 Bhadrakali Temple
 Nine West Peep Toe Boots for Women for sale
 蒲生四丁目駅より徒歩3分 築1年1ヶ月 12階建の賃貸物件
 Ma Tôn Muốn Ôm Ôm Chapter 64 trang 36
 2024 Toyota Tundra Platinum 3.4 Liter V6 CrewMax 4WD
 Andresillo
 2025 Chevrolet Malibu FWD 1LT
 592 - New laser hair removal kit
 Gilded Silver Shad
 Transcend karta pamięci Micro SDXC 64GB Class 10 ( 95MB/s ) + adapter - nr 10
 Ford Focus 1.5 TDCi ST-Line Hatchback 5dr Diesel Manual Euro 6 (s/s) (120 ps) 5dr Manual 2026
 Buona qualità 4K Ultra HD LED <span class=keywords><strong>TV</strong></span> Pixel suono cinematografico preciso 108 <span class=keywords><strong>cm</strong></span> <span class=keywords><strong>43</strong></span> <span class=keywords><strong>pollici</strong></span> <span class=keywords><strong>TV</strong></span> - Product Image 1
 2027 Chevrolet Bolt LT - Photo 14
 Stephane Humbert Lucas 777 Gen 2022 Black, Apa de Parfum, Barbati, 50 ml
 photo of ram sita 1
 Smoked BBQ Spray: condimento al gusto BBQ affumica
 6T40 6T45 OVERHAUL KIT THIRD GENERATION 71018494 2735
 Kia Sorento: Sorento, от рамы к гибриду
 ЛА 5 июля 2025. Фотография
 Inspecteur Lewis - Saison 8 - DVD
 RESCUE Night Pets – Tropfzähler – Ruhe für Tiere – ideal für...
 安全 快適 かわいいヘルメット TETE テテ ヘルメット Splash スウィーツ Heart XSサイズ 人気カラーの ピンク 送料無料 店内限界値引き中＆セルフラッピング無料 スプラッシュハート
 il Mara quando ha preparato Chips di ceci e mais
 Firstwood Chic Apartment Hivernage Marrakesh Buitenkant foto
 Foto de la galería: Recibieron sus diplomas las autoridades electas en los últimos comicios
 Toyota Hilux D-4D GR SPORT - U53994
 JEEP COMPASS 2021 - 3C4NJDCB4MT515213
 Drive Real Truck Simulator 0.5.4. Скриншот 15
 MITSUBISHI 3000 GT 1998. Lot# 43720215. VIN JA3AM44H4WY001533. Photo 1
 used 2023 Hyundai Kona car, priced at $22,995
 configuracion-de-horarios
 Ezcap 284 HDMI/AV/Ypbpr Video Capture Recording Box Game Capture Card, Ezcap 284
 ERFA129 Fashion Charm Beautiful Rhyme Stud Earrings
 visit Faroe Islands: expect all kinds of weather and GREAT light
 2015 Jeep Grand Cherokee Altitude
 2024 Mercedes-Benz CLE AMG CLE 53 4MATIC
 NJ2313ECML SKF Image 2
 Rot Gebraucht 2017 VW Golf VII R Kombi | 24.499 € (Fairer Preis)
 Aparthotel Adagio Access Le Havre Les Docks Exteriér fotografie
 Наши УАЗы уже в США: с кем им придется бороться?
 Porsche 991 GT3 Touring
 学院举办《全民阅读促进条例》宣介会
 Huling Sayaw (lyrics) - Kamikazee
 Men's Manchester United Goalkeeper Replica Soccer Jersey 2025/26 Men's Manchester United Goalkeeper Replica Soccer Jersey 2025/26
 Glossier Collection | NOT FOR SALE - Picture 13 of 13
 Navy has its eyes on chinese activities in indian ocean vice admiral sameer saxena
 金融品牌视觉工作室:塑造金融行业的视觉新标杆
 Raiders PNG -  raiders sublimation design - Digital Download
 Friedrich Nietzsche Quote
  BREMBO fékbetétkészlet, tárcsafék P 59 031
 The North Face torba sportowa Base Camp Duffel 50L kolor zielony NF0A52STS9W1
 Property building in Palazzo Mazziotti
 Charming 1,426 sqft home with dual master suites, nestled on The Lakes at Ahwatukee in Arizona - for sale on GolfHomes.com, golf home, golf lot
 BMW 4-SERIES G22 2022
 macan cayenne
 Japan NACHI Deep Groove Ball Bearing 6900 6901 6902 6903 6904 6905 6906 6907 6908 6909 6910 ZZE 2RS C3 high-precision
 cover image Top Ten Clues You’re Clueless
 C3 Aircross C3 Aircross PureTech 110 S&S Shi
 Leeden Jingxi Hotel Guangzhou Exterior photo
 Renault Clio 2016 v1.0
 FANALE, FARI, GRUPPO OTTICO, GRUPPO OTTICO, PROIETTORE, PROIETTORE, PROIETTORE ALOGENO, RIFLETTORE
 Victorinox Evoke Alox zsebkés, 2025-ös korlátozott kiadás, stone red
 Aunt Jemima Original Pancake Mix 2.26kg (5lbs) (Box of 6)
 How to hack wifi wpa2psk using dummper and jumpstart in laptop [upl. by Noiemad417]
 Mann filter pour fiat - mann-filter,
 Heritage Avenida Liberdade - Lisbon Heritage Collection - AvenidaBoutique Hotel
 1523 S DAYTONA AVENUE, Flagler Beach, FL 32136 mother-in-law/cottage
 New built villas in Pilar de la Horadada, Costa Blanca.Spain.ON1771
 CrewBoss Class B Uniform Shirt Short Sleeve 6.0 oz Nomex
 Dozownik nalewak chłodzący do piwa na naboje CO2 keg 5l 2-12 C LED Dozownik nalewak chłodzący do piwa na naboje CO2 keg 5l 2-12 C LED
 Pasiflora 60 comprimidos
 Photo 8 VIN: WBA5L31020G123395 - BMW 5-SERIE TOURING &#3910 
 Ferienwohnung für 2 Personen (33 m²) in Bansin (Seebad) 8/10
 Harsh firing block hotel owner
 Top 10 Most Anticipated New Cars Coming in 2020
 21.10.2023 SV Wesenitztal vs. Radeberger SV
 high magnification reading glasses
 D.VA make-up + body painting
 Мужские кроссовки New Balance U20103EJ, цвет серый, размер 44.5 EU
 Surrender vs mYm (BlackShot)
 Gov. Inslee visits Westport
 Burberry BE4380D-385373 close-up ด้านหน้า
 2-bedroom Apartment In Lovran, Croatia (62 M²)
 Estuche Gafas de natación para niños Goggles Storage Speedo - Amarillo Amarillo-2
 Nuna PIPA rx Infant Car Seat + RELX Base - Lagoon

----------------

** YOUR ASSIGNMENT **
The expected output is a verbatim retyping of each line from the one with "Estuche Gafas de" to the end of the listing above, with both end lines kept and nothing added.

** RESPONSE TO THIS TASK **
 Estuche Gafas de natación para niños Goggles Storage Speedo - Amarillo Amarillo-2
 Nuna PIPA rx Infant Car Seat + RELX Base - Lagoon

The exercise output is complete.